## How to complete this task
A word-for-word copy of all entries is required, without images.
BEGIN Information
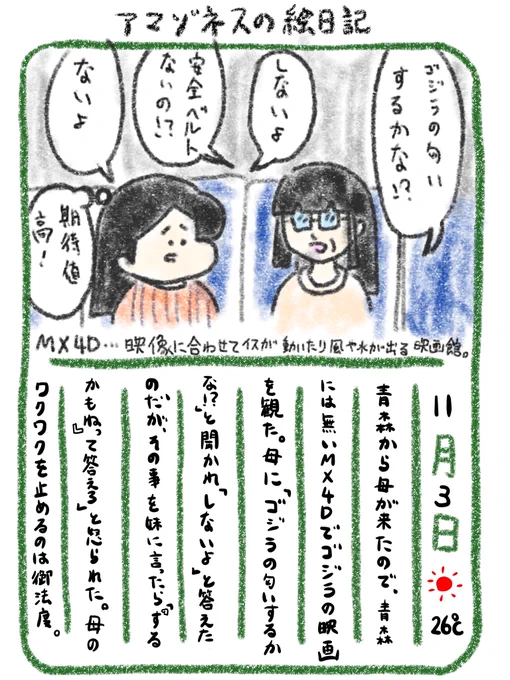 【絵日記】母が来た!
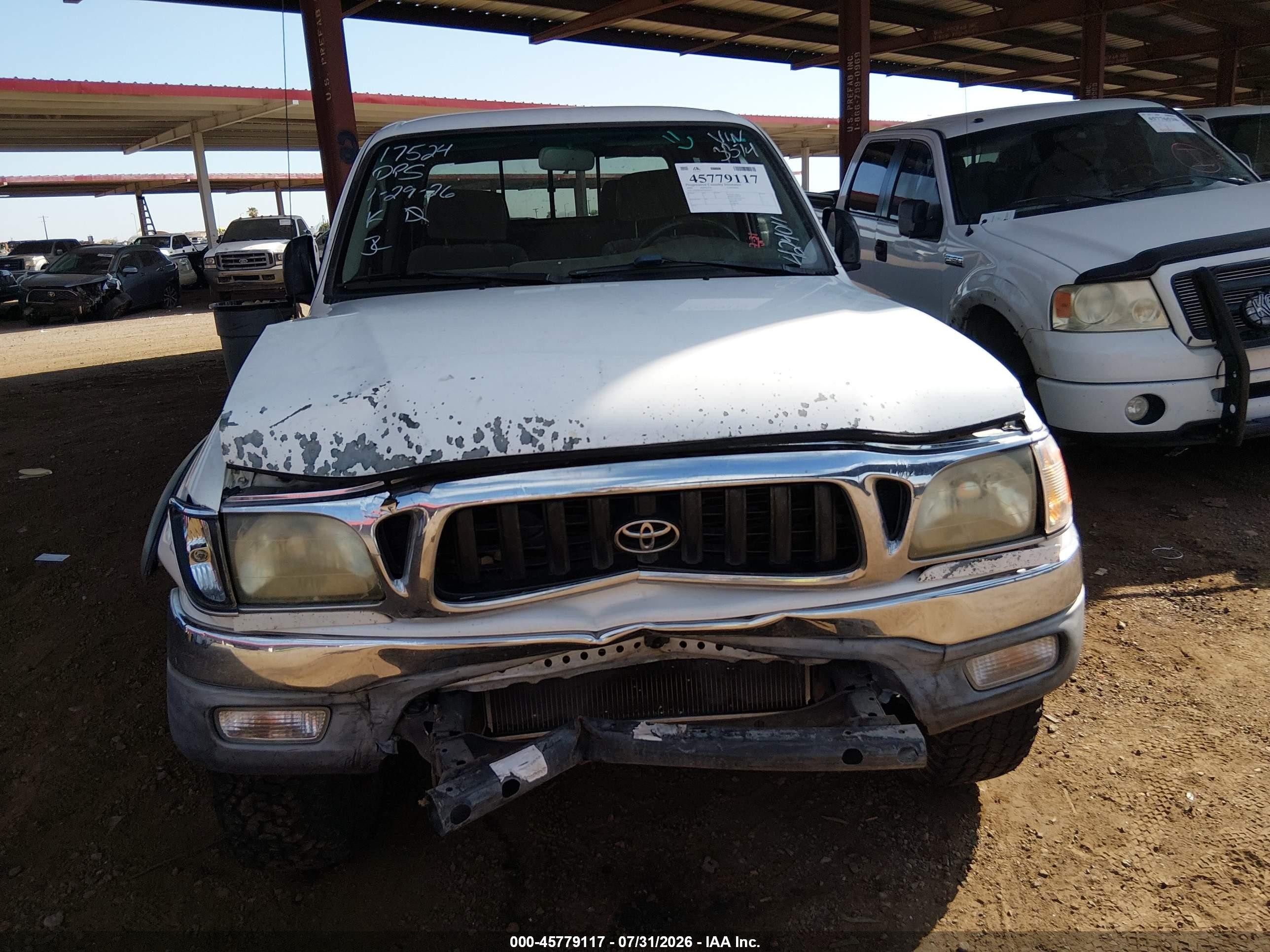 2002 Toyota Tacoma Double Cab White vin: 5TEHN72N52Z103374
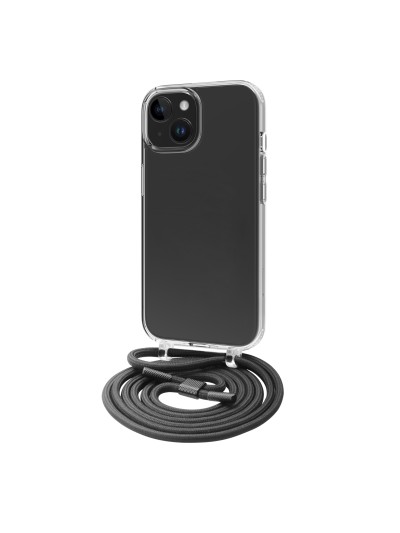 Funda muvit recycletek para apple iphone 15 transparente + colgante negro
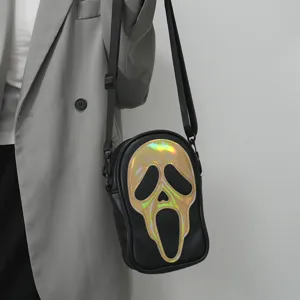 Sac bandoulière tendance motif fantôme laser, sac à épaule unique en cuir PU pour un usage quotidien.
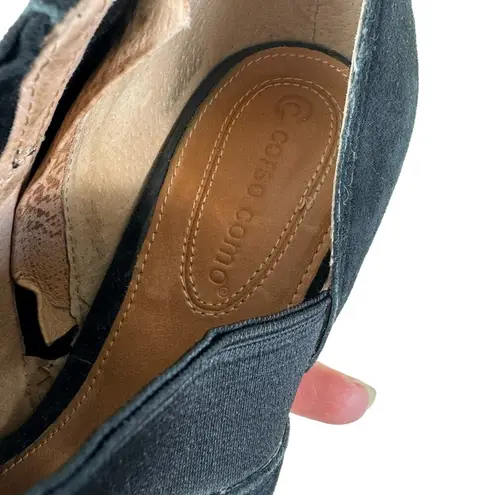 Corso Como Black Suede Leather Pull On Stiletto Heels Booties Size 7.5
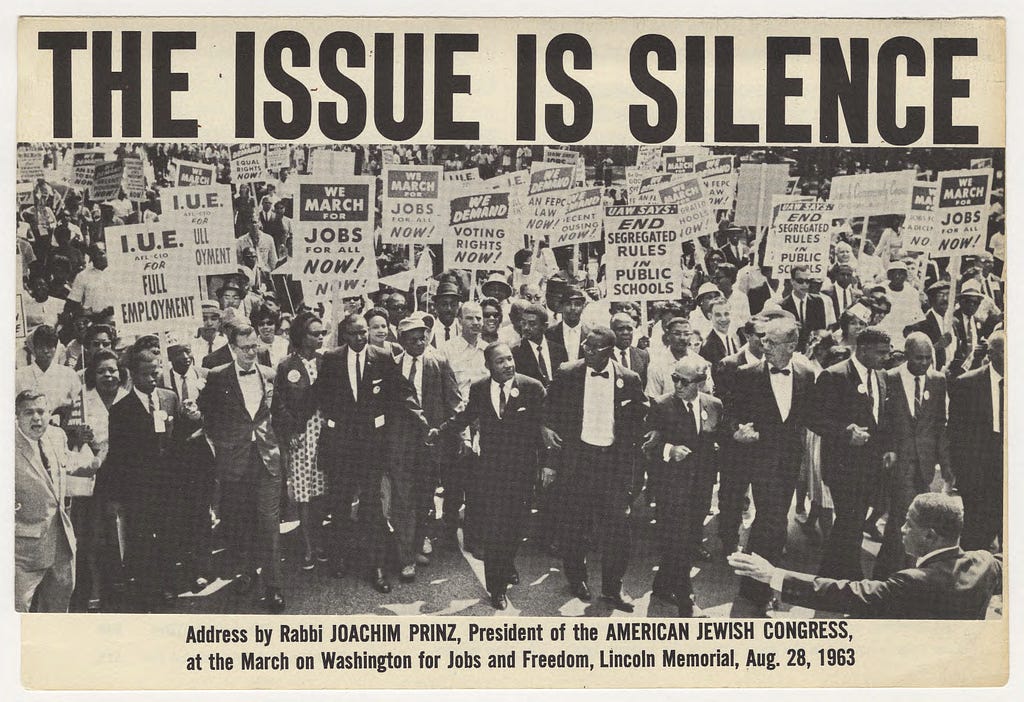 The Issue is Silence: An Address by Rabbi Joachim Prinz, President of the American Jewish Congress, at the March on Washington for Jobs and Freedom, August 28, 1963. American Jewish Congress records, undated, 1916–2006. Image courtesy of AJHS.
END Information
## Result of the exercise
 【絵日記】母が来た!
 2002 Toyota Tacoma Double Cab White vin: 5TEHN72N52Z103374
 Funda muvit recycletek para apple iphone 15 transparente + colgante negro
 Sac bandoulière tendance motif fantôme laser, sac à épaule unique en cuir PU pour un usage quotidien.
 Corso Como Black Suede Leather Pull On Stiletto Heels Booties Size 7.5
 The Issue is Silence: An Address by Rabbi Joachim Prinz, President of the American Jewish Congress, at the March on Washington for Jobs and Freedom, August 28, 1963. American Jewish Congress records, undated, 1916–2006. Image courtesy of AJHS.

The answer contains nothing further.